Exercise objective
Both the line below containing "Luxury Dog Boarding, Grooming, Daycare" and the line containing "农业农村部 三大粮食作物化肥利用率居国际中上水平", along with every line between them, should be repeated exactly; no other line belongs in the answer.

Items listed in a dataset
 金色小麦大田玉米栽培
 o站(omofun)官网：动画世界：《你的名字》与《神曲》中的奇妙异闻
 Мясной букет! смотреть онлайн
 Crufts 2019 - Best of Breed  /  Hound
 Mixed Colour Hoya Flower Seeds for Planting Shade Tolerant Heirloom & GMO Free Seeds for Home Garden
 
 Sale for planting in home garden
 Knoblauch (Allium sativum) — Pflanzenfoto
--
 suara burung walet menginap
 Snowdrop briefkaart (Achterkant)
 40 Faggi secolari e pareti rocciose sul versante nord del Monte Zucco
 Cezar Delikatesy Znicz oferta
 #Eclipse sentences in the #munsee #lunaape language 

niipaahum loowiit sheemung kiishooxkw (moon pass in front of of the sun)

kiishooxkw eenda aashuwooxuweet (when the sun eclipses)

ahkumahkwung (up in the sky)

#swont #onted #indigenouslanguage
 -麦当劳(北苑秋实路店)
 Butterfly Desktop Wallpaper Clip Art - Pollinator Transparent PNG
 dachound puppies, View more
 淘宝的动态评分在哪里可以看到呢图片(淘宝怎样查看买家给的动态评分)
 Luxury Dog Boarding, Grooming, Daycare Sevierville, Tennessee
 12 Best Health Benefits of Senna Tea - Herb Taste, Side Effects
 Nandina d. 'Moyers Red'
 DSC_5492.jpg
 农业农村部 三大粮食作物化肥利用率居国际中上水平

Response to the exercise
 Luxury Dog Boarding, Grooming, Daycare Sevierville, Tennessee
 12 Best Health Benefits of Senna Tea - Herb Taste, Side Effects
 Nandina d. 'Moyers Red'
 DSC_5492.jpg
 农业农村部 三大粮食作物化肥利用率居国际中上水平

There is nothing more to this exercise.